The reason we don't see flash devices failing left and right due to wear-out is because they've been getting bigger more rapidly than they've been getting faster. (or more accurately, than computer I/O workloads have been getting faster) The internal wear-leveling algorithms distribute writes evenly over the chips, so if you build an SSD out of consumer-grade chips with a 3000-write lifetime, you have to over-write the *entire* device 3000 times before the first chips start failing. (Sort of. A small number will die earlier, but there's spare capacity that can deal with that.) For a 500GB laptop drive, that's 1.5PB of writes, or 35GB/hr, 24/7, for 5 years. For a 1TB enterprise drive full of 30,000-cycle eMLC chips, you'd have to run it at 700GB/hr (200MB/s) for those 5 years to wear it out.

And wear-out isn't just a problem for flash anymore - the newest high-capacity drives are only rated for a certain total volume of reads and writes, due to head wear effects, which works out to a shorter lifespan than flash. (and reads count, too, while they're free on flash) See http://www.wdc.com/wdproducts/library/other/2579-772003.pdf for the gory details...

Disk areal density: Not a constant, consistent platter


Of course they're complicated

Unlike ancient drives with fixed numbers of sectors per track, and thus varying areal density, current drives with ZCAV (google it) try to achieve constant areal density by varying the number of bits on each track. Since bits come in 4KB sectors you're never going to achieve true constant areal density, although at 1-2MB per track, +/- 4KB isn't a big difference.

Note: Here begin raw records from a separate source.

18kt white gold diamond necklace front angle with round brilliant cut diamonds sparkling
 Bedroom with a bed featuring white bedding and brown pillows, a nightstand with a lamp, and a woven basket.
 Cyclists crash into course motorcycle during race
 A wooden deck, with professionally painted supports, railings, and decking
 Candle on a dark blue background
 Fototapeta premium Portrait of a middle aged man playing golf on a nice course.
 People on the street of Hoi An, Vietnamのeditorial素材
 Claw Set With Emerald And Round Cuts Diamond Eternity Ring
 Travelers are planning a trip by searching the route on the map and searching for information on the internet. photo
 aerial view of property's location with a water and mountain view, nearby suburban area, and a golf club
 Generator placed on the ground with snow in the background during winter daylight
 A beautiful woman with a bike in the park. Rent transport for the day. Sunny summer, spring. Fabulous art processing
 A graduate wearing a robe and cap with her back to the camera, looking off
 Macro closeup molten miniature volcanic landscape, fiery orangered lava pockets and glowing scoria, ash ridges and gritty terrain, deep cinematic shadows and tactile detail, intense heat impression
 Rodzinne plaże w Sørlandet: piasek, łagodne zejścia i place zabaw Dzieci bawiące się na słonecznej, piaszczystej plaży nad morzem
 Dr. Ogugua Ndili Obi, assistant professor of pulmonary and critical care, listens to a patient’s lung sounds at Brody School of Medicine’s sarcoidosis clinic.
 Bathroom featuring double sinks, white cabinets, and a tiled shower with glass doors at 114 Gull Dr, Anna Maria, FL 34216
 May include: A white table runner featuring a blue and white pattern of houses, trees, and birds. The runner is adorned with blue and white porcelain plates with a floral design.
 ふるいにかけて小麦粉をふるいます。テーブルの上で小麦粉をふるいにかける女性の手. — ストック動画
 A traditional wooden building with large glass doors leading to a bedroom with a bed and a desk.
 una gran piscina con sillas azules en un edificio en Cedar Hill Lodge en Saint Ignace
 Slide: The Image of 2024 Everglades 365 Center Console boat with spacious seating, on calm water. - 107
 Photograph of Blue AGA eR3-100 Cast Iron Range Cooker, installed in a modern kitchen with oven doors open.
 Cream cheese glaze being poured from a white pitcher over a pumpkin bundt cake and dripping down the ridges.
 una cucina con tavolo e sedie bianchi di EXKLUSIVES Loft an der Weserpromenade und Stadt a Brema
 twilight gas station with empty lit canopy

However it's quite possible that what was being referred to is the difference in areal density between *heads* (or equivalently, surfaces) in a modern drive. Different heads in the same device can have wildly different (e.g. 25%) areal densities - google "disks are like snowflakes" for a very interesting article from Greg Ganger and the CMU PDL lab on why this is the case. A simple test in fio can show this behavior - e.g. latency of 64KB sequential reads across the raw disk LBA space. You'll see the disk serpentine pattern, with different speeds for each surface.